WHAT THE TASK ASKS -
When you reach the line holding "Best Price Gucci" in the material below, return that line and each one after it, word for word, with the pictures dropped.

COLLECTED DATA -

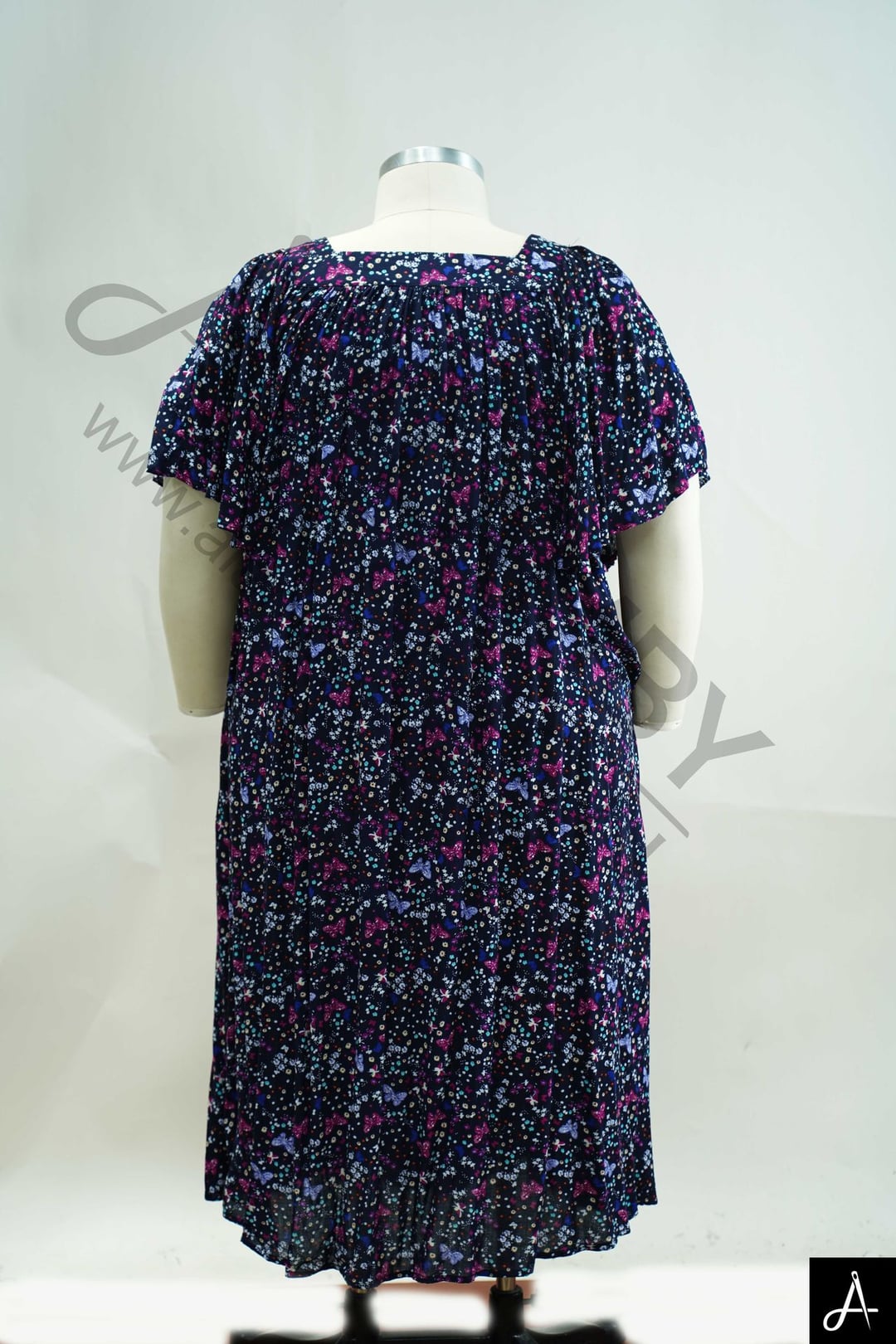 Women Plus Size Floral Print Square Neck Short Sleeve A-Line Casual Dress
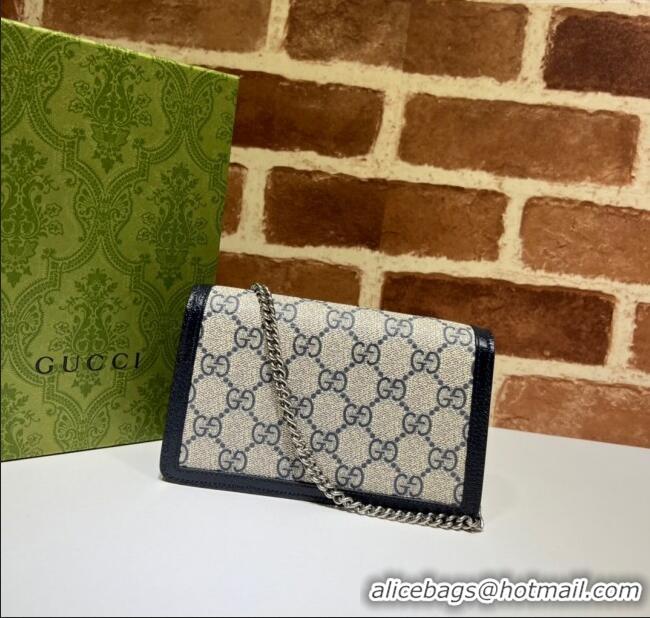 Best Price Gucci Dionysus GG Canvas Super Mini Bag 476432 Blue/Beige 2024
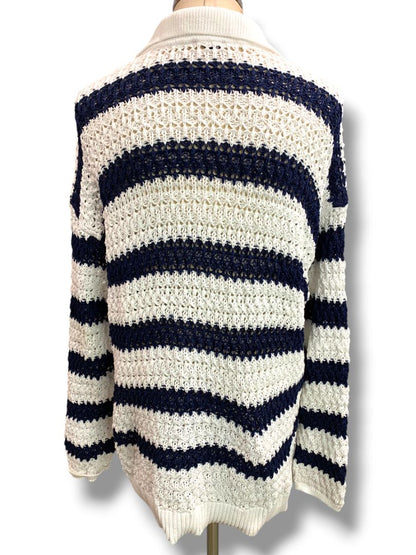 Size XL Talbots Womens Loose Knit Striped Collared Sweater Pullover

OUTPUT -
 Best Price Gucci Dionysus GG Canvas Super Mini Bag 476432 Blue/Beige 2024
 Size XL Talbots Womens Loose Knit Striped Collared Sweater Pullover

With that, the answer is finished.